Last week, the RBA delivered its ninth cash rate hike to rein in spiralling inflation, which grew 7.8 per cent annually in the December quarter.
National Australia Bank has since updated its cash rate peak forecast from 3.6 per cent to 4.1 per cent in May, which will involve three more 25 basis point increases.
The bank’s economists said there was evidence of resilience to high inflation and interest rates from businesses and consumers and the RBA was conveying a more hawkish approach.
Treasury secretary Steven Kennedy told the parliamentary committee inflation had most likely peaked in the December quarter.
While easing input and freight costs were starting to cool domestic inflation, he said energy and rents were working in the opposite direction.
Rents have been soaring and are expected to keep growing due to constraints on new housing supply and the recovery in migration patterns.
Dr Kennedy anticipates rental prices will continue to rise as tenants reach the end of their leases and are forced to renegotiate, with rental price growth expected to peak in June.
He also said the federal government’s intervention in energy markets would help bring inflation down, with coal and gas price caps expected to reduce inflation by half a percentage point in the 12 months to June 2024.
“Households and businesses will still face substantial increases in energy bills but the package will make a material difference to reducing cost-of-living pressures.”
The top Treasury official also dismissed concerns the federal government’s off-budget funds would fuel the immediate inflation challenge.
Dr Kennedy said the inflationary impact of the new funds in part came down to timing.
“We expect growth to slow significantly over the next year or two – I’d be quite surprised if the establishment of those funds shifted demand in any significant way across that period,” he said.

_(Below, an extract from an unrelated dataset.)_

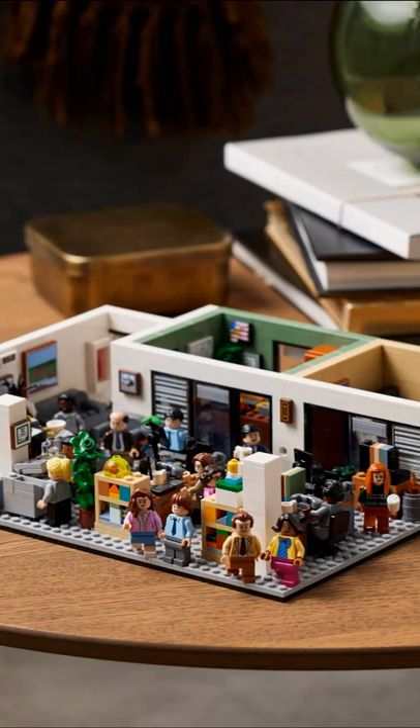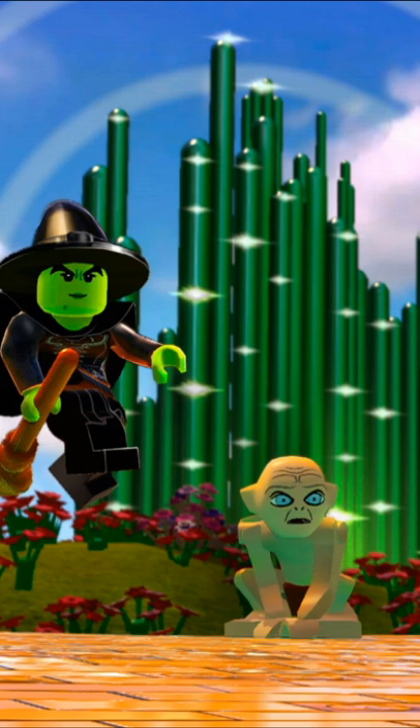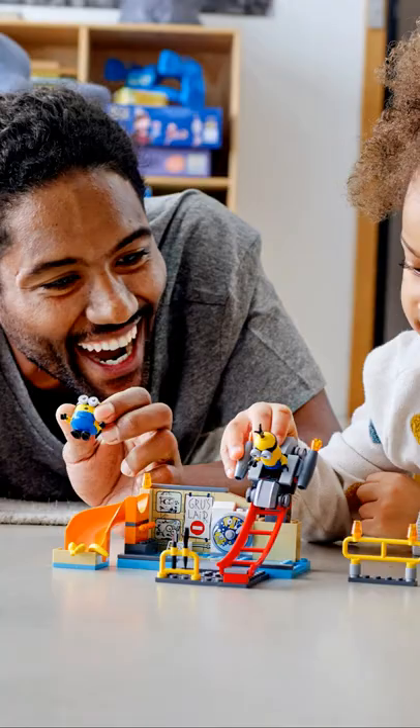Looking for an unusual way to spice up LEGO The Office? You need Minions, obviously. The nice thing about licensed LEGO sets is that it gives a huge variety of characters from various IPs the chance to cross over together, and one crossover that shines above the rest is The Office plus Minions.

Deputy opposition leader Sussan Ley said the $45 billion in off-budget spending would put pressure on inflation and therefore interest rates.
Dr Lowe also commented on the role of fiscal policy in managing inflation, noting interest rates were a more nimble tool for managing demand in the economy than government policy.
“Fiscal policy, most of the time, should be dealing with the structural issues and structural budget position, and – except for in extraordinary times – it’s not the best tool to use to manage aggregate demand,” he said.